→ **TASK INPUT**
------------------------------------------------------------------------

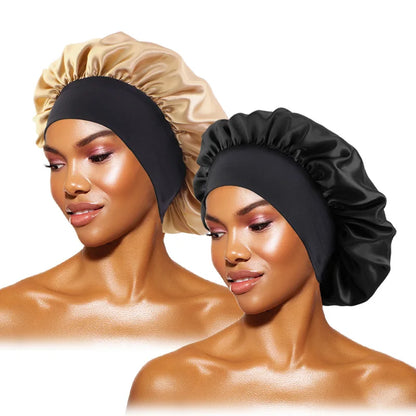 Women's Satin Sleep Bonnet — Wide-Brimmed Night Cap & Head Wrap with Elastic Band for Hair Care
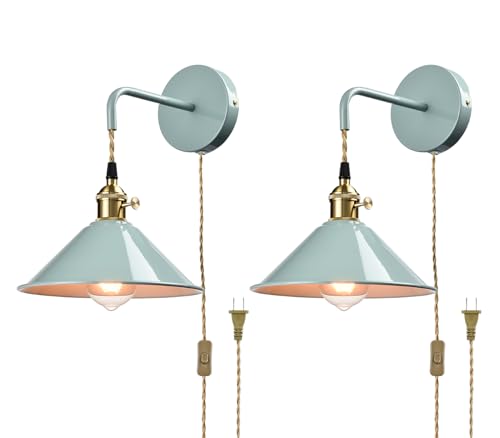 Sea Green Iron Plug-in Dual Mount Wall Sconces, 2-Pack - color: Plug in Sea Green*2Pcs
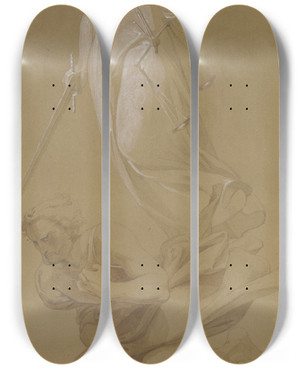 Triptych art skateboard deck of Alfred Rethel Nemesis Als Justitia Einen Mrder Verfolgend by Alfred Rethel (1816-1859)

------------------------------------------------------------------------

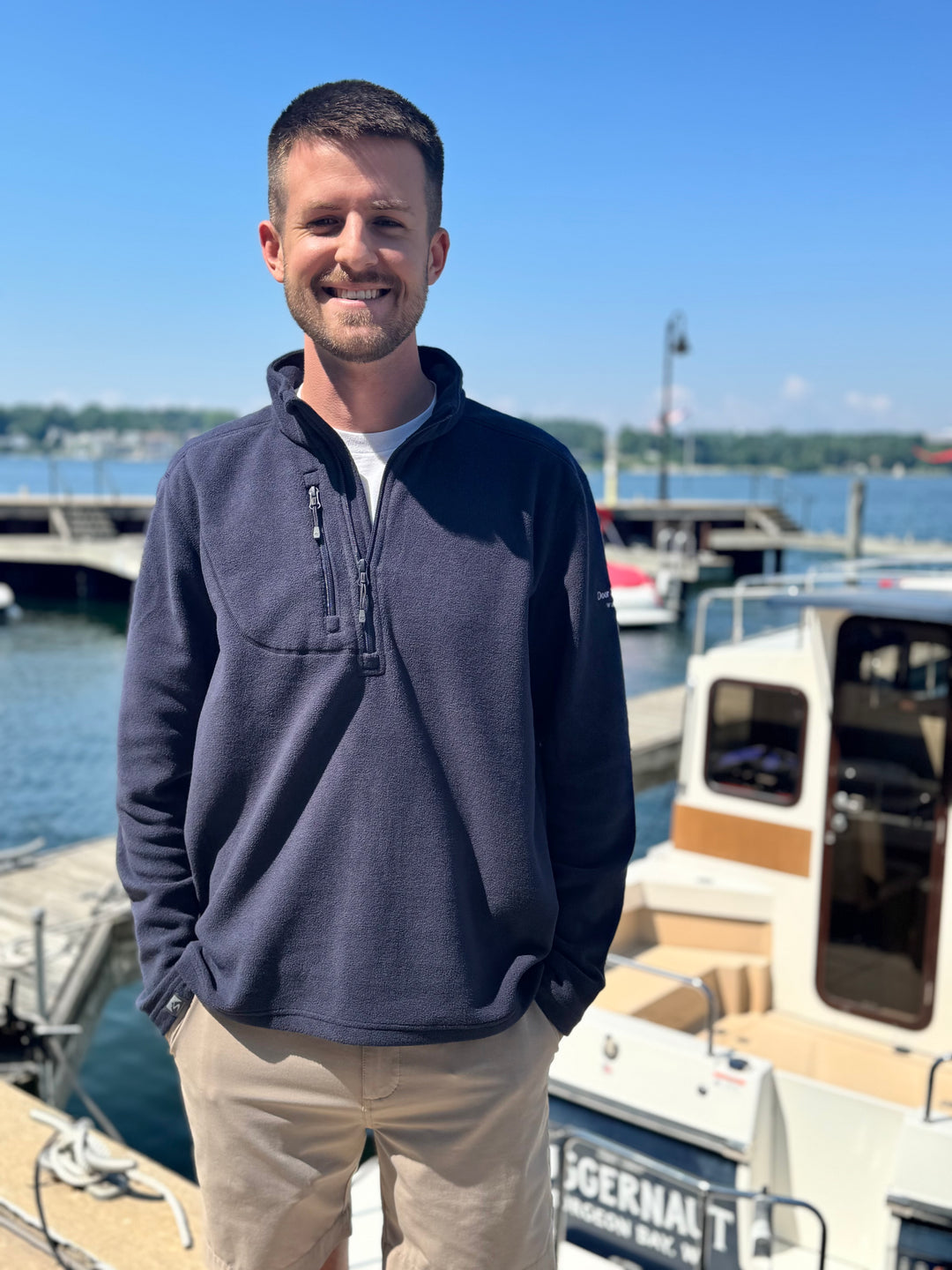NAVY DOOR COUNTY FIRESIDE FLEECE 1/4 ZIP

------------------------------------------------------------------------

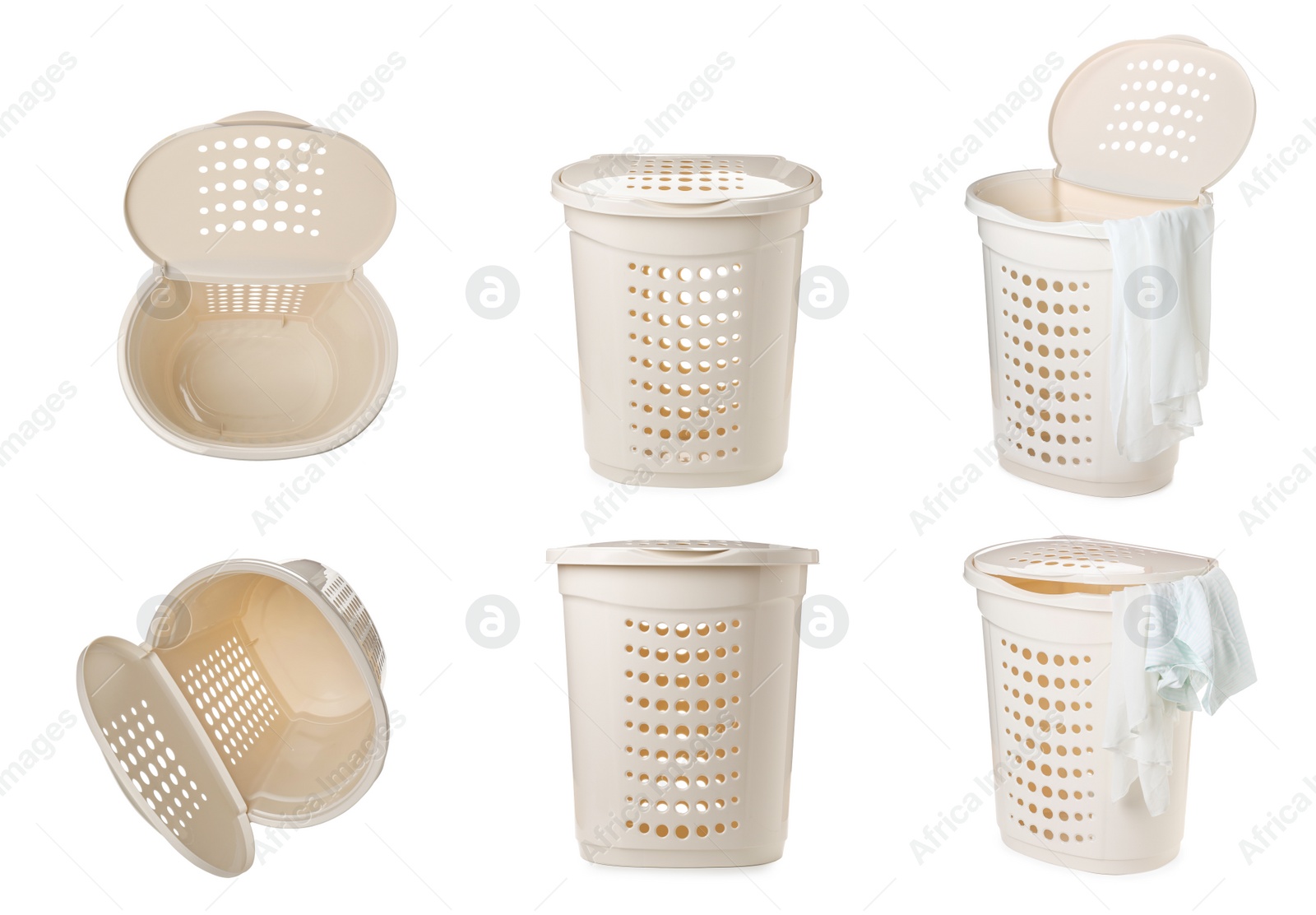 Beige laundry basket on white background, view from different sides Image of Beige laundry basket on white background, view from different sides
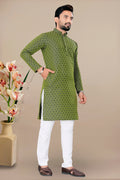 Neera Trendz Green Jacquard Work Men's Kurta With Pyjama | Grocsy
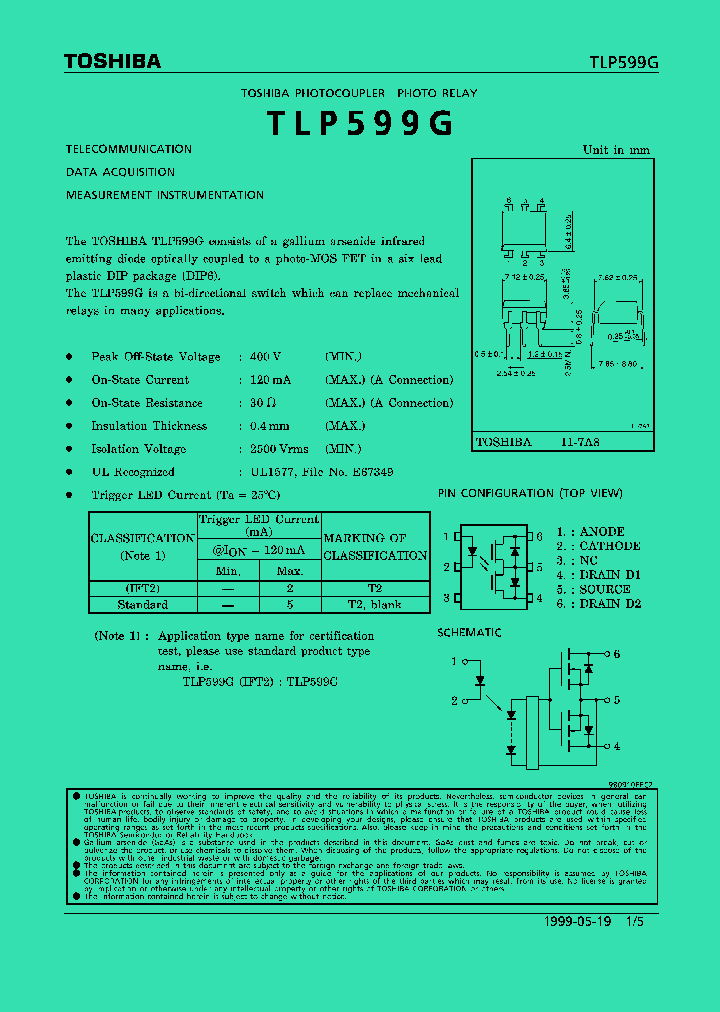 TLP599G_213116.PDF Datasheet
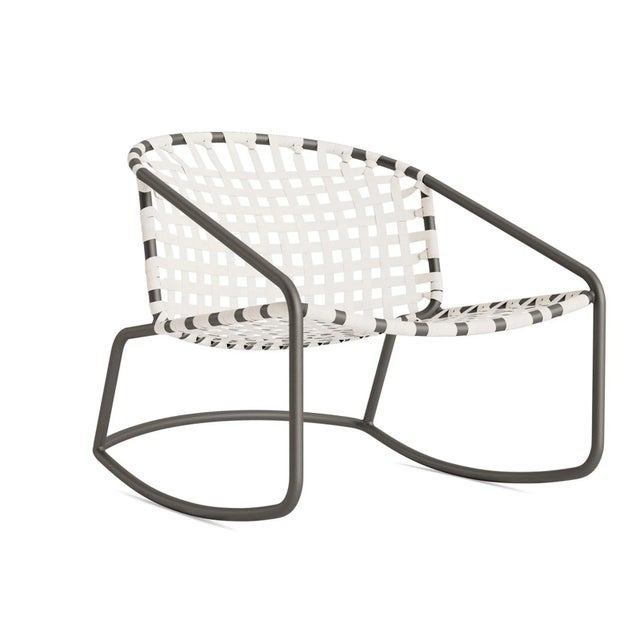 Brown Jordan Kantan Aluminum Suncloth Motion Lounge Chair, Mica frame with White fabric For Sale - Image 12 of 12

------------------------------------------------------------------------

→ **EXERCISE**
Output only the lines above from the line that holds "Women's Satin Sleep" through the line that holds "Triptych art skateboard", both ends included, and exclude pictures.

→ **RESPONSE**
 Women's Satin Sleep Bonnet — Wide-Brimmed Night Cap & Head Wrap with Elastic Band for Hair Care
 Sea Green Iron Plug-in Dual Mount Wall Sconces, 2-Pack - color: Plug in Sea Green*2Pcs
 Triptych art skateboard deck of Alfred Rethel Nemesis Als Justitia Einen Mrder Verfolgend by Alfred Rethel (1816-1859)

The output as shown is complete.